Test video transcoding instance performance
KakaoCloud offers the vt1a instance as one of its instance types, optimized for high performance in real-time video transcoding. In this tutorial, you will run an example to efficiently transcode videos using
vt1a
instance resources and compare these results with those from other instance types.
- Estimated time required: 30-60 minutes
- Recommended OS: Ubuntu
- Region: kr-central-2
- Prerequisites
About this scenario
In this tutorial, you will use KakaoCloud’s vt1a
video transcoding instance to efficiently transcode videos and compare the results with those from other instance types to illustrate the advantages of the video transcoding instance type.
Before you start
Create VPC and subnet
Before creating an instance, you must create a VPC and subnet in which the instance will be created. If you do not have a VPC and subnet, refer to the Create VPC and Create subnet documentation to create them.
Create key pair
A key pair must be generated to connect to the instance through SSH. Refer to the Create key pair documentation to create a key pair and store the private key issued during generation.
Create security group
To ensure high security at the instance level, create a security group and add appropriate inbound rules. Refer to the Create security group documentation to create a security group and add the following rules to the inbound rules.
Protocol | Source | Port number | Rule description |
---|---|---|---|
TCP | {User Public IP}/32 | 22 | Allow SSH access from the local PC to instances connected to this security group |
Click the button below to check your current public IP.
Getting started
Step 1. Create instance
-
From the KakaoCloud Console, select the Virtual Machine menu under Beyond Compute Service.
-
Go to the Instance menu, and click the [Create instance] button.
-
Create a
vt1a
instance as shown below. This example usesvt1a.4xlarge
.Item Configuration Basic info - Name: User-defined
- Count: 1Image Select Ubuntu 22.04 in the Basic tab
- Refer to SDK-supported OS information below.Instance type vt1a.4xlarge
Volume - Root volume: Use default value Key pair Select the pre-created key pair from prework Network - VPC: Select the pre-created VPC from prework
- Subnet: Select the pre-created subnet from prework
- Security group: Select the pre-created security group from prework
As of 2024, the latest version Xilinx Video SDK 3.0 operates properly on the OS and kernel versions below.

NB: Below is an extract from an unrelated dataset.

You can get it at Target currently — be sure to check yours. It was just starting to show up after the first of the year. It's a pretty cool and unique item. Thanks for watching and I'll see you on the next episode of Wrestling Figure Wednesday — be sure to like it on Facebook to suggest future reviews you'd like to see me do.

- Ubuntu 22.04 (Kernel 5.15)
- Ubuntu 20.04.4 (Kernel 5.13)
- Ubuntu 20.04.3 (Kernel 5.11)
- Ubuntu 20.04.1 (Kernel 5.4)
- Ubuntu 20.04.0 (Kernel 5.4)
- Ubuntu 18.04.5 (Kernel 5.4)
Step 2. Associate public IP
Assign and associate a public IP to each created instance for SSH access.
-
From the KakaoCloud Console, select the Virtual Machine menu under Beyond Compute Service.
-
Go to the Instance menu, and select [More] > Associate public IP for the created instance.

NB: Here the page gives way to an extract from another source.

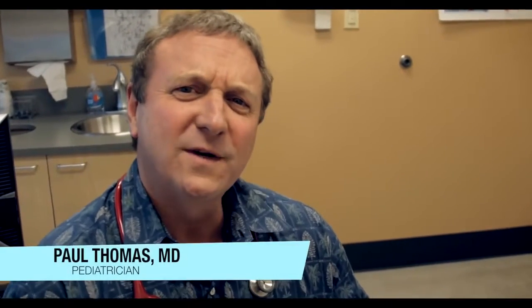Hi, Dr. Paul here. Welcome to another episode of Ask Your Pediatrician. Today we're going to talk about large tonsils.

- If necessary, refer to Create and manage public IP to create a public IP, then choose the assignment method for the public IP.
-
Select the [OK] button to complete the public IP association process for each instance.
Step 3. Connect via SSH
To install the Xilinx Video SDK on the instance, connect and access it through SSH as described below.
-
From the KakaoCloud Console, select the Virtual Machine menu under Beyond Compute Service.
-
Go to the Instance menu, and select [More] > Connect via SSH for the created instance to review the command and settings for SSH connection.
-
On your local PC, enter the following command to connect via SSH to each instance. For more details on SSH connections, refer to Connect instance.

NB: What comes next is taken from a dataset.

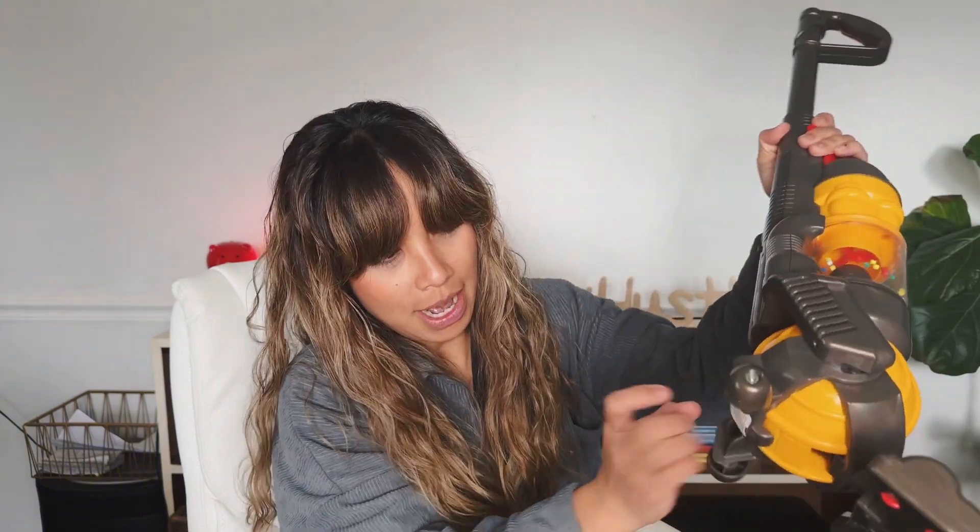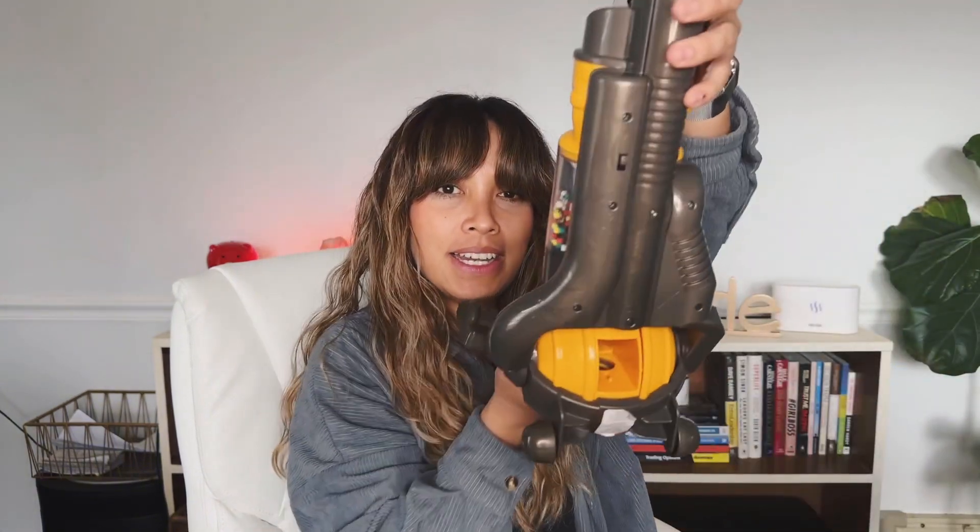There's actually a ton of dog hair in here. So yeah, this is a really fun toy and also very productive — it helps clean around the house.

ssh -i ${key-pair-name}.pem ubuntu@${public-ip-addr}
Parameter Description key-pair-name The name of the private key file for the key pair specified during instance creation public-ip-addr The public IP address associated with the instance
Step 4. Install Xilinx Video SDK
The Xilinx Video SDK is a software stack that enables users to take advantage of hardware-accelerated features in Xilinx video codec units, supporting high-density real-time video transcoding for tasks like live streaming. This SDK includes precompiled versions of FFmpeg and GStreamer, integrating video transcoding plugins for Xilinx devices to support hardware acceleration for video encoding, decoding, and upscaling.
Before running video transcoding examples, install the Xilinx Video SDK by following the steps in the Xilinx Video SDK installation guide.
Step 5. Set up runtime environment
Refer to the Runtime environment setup guide to complete the runtime environment configuration.
You are now ready to run the examples.
Step 6. Run examples
Example 1. ABR transcoding example on multiple devices
The Alveo U30 accelerator card used in the vt1a
instance supports accelerated H.264/AVC and H.265/HEVC codecs, compatible with a wide range of end-user devices from older mobile handsets to the latest ones with ultra-high resolution displays. The U30 accelerator card is equipped with two Xilinx devices per card. vt1a.4xlarge
, vt1a.8xlarge
, and vt1a.32xlarge
instances have 1, 2, and 8 U30 accelerator cards, with 2, 4, and 16 devices, respectively. The number of transcodable streams per device is as follows:
Resolution | Bitrate | Streams |
---|---|---|
4K | 60fps | 1 |
1080p | 60fps | 4 |
1080p | 30fps | 8 |
720p | 30fps | 16 |
This example performs an ABR Ladder transcoding task on an H.264 sample file with a resolution of 4K and a bitrate of 60fps. Since the number of processed streams exceeds what a single device can handle (refer to the table above), two devices are used.
Note: This example is part of a tutorial provided by Xilinx. For more details and additional examples, refer to Xilinx Video SDK Tutorials and Examples.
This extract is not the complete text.